Tell us a bit about yourself and how you got started as an artist.
Since 1997 I have worked in the commercial communication field, as a marketer and creative director. When the economic crisis hit Greece in 2010, I ended up without a job. As a result, a small crack opened up inside of me. I started looking for something in order to express myself, to convey my spiritual state. In visual arts, and more specifically in the Japanese art of Bokusho, I found what I was looking for. What draw me to it were its simplicity, monochrome and shared perception of beauty. So, I traveled to Japan to study Bokusho art at the Rakuyou Institute of Arts in Tokyo. Up until now, I keep creating…
What is the creative process that you follow? Where do you get inspiration, what materials and tools do you use, etc
Each aspect of my life constitutes a potential source of inspiration. In addition, music plays an important role when I’m into painting. For example, when I was creating my artwork INKOGRAPHIES I was listening to Japanese DJs like Shingo Nakamura. Because I am influenced by the Japanese art of Bokusho, my artwork series INKOGRAPHIES is based on Ink and more specifically on Sumi-ink. This material encourages me to seek new, creative paths. Therefore, I have been working more and more on experimental practices within my art. Moreover, the artistic use of Ink helps me see clearly not only into my soul but also outside of me. In other words, this material releases from within me large quantities of artistic imagination and creative sensitivity. In short, I would say Ink is the raw material of absolute expression.

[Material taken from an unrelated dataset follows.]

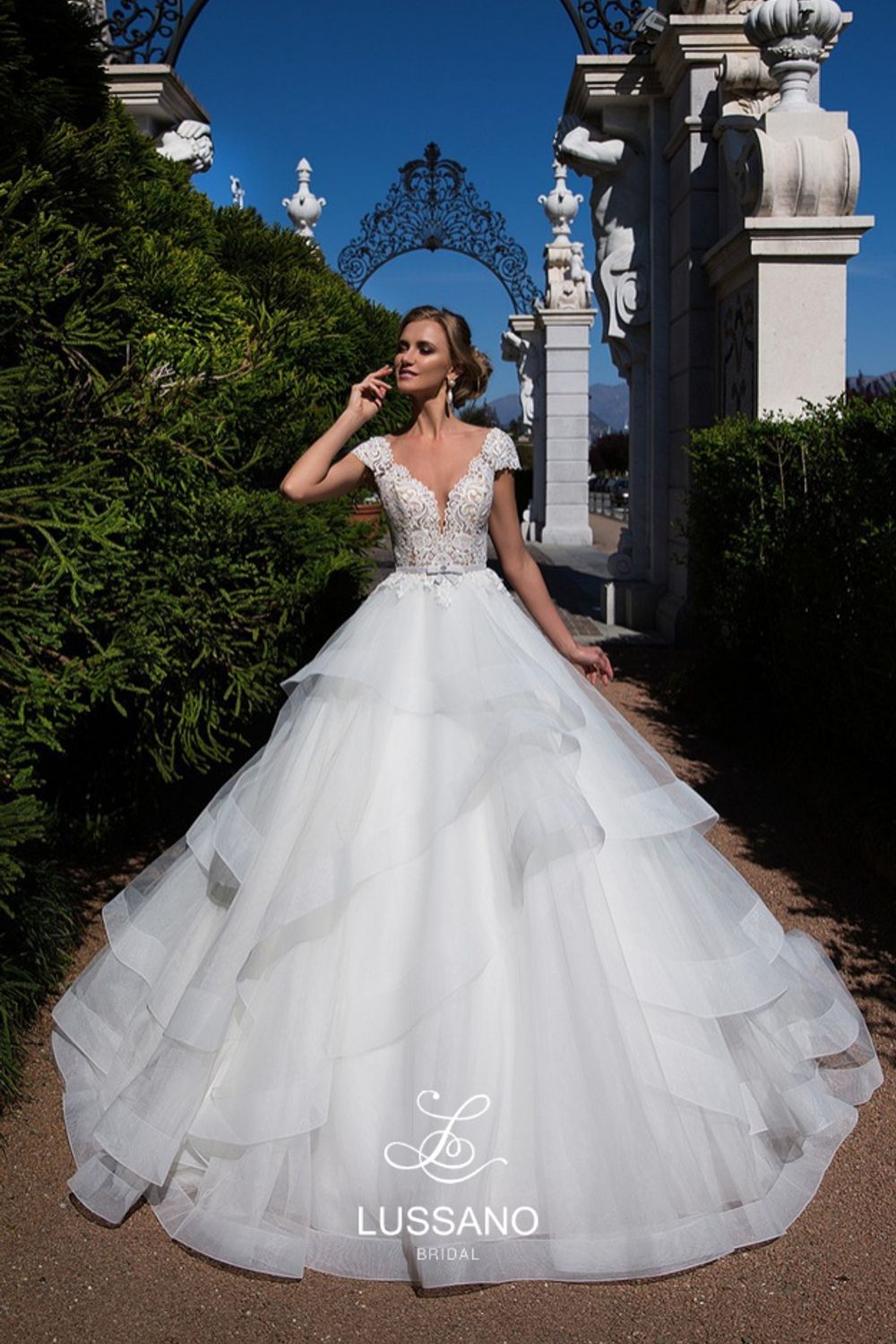 Свадебное платье от бренда Lussano '17030' кружевное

Your artwork INKOGRAPHIES is somehow linked to the Japanese art of Bokusho. Can you tell us more about this art?
The art of Bokusho integrates calligraphy with painting. In other words, it combines principles of traditional Japanese calligraphy and the element of abstract expressionism. It began in Japan in 1945 right after the war as a direct artistic-philosophical reaction to the existential impasses of the era. Subsequently, the Bokushō art expanded throughout the western world, influencing well-known artists and painters like Pollock and Klein, for instance. For more info, you may read my article at greecejapan.com (in Greek).
Apart from being an artist, you are also the founder of Monoqrome. How did you come up with this idea?
Above all, I wanted to set up a platform for artists engaged in monochrome art and only; Providing access to the most exciting and innovative artistic talents working around the world. Moreover, to establish an international meeting place not only for artists but also for collectors and aficionados of black and white art. So, MONONOQROME emerges the most innovative artists and offers an exclusive collection of Limited Edition Prints that will never lose its value.